Quant à l’efficacité potentielle, soyons assurés qu’une juxtaposition de « chacun pour soi » n’apportera aucune réponse véritable aux défis du temps. Si l’on revient sur le cas de l’immigration, on ne reprendra pas la maîtrise de ces flux en se retranchant derrière d’illusoires parapets. Lorsque les nouveaux venus, immigrés et réfugiés, arrivent à nos portes, il est déjà trop tard pour endiguer le phénomène. Pour reprendre le contrôle des événements, il faudrait tenir les deux extrémités de la chaîne. Cela pose la question des interventions extérieures, faussement présentées comme la source de tous les maux. Si l’on croit qu’il suffira de se calfeutrer chez soi pour échapper aux fracas du monde, c’est une grave méprise. Plus le monde est dangereux, plus il faut être capable de s’affirmer sur le plan extérieur, de renforcer sa présence, et savoir se saisir des événements avant qu’ils ne vous saisissent à la gorge (pour paraphraser W. Churchill). En Libye par exemple, l’extension du conflit et la montée aux extrêmes, en l’absence d’intervention occidentale, auraient pu générer une situation de type syrien à l’échelle de l’Afrique du Nord, et entraîner des conséquences encore plus graves que la situation présente. Le problème est que le « hit and run », on frappe puis on laisse les populations se débrouiller sur place, n’apporte aucune réponse de fond. Il eût fallu s’engager à travers l’ONU, l’Union européenne et l’OTAN, pour faire du « state building ». En retour, il est vrai que ce sont des missions à haut risque, et nous n’avons plus la force et les certitudes de nos aïeux pour nous y engager. Nous sommes face à ce que Max Weber nommait des « antinomies historiques » : les situations sont contradictoires et il n’y a pas de solution satisfaisante s’imposant d’elle-même. C’est une « balance » entre avantages et inconvénients, et de la casuistique.
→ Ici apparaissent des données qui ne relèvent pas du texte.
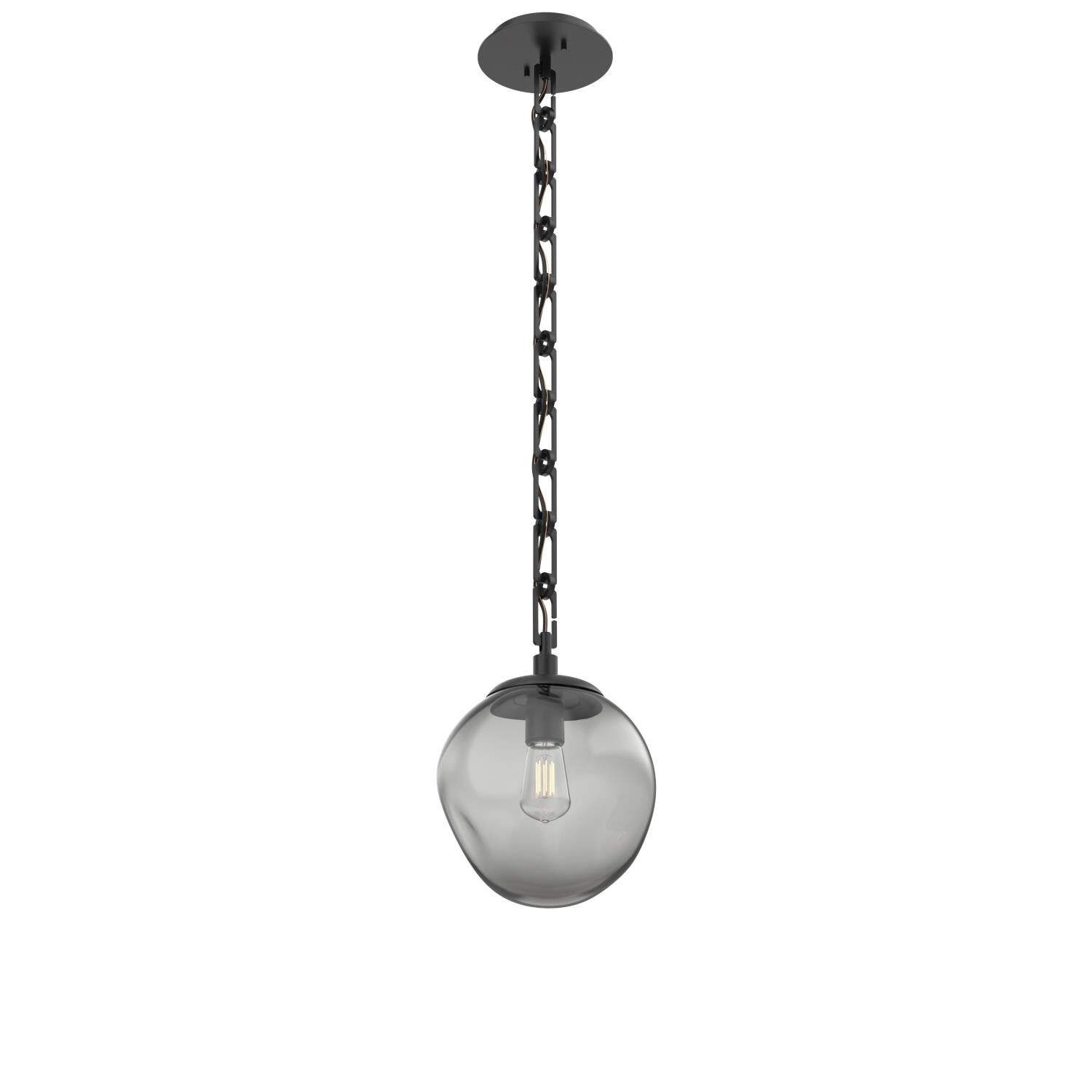 Levi Wilson Aster Bulb 10 Inch Mini Pendant by Hammerton Studio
Alors que l’Italie s’apprête à voter pour ses élections générales en 2018, comment peut on anticiper l’évolution future de ces rapports de force à moyen terme ? Avec quelles conséquences ?
Cela dépendra de la capacité des dirigeants politiques à prendre en compte les évolutions au sein des différents corps nationaux. Il est sûr qu’une politique de « douce négligence » – fondée sur la conviction que, l’un dans l’autre, les différentes tendances s’équilibreront pour aller dans le bon sens -, n’est plus tenable. Cela fait déjà longtemps qu’on voit monter le refus de cette immigration de masse qui bouleverse la physionomie de l’Europe. Le déni des faits et la démonisation de ceux qui les pointent du doigt ont prévalu sur l’analyse lucide des dynamiques en cours, avec tout ce qu’elles impliquaient. Convenons que la voie est étroite : le simple refus de l’immigration ne fera pas disparaître le jeu de facteurs répulsifs et attractifs (les « push and pull factors ») à l’origine de ces flux, avec en toile de fond une démultiplication de la population mondiale au cours des dernières décennies. La montée en puissance du vote national-populiste ne pourra annuler ce phénomène d’ampleur inégalée et de longue durée. Mais les dirigeants étatiques ne peuvent pas non plus prêcher un simple fatalisme ou bien s’inscrire dans une logique d’équilibrage des flux au niveau planétaire, entre « zones de haute pression » et « zones de basse pression ». S’ils ne prennent pas en compte les résistances au sein des populations et n’exercent pas une contre-poussée – pour à tout le moins contenir le plus grand nombre, filtrer les entrées, se donner les moyens d’assimiler et ne pas simplement subir -, ces classes dirigeantes ouvriront la voie à des démagogues, à nos risques et périls.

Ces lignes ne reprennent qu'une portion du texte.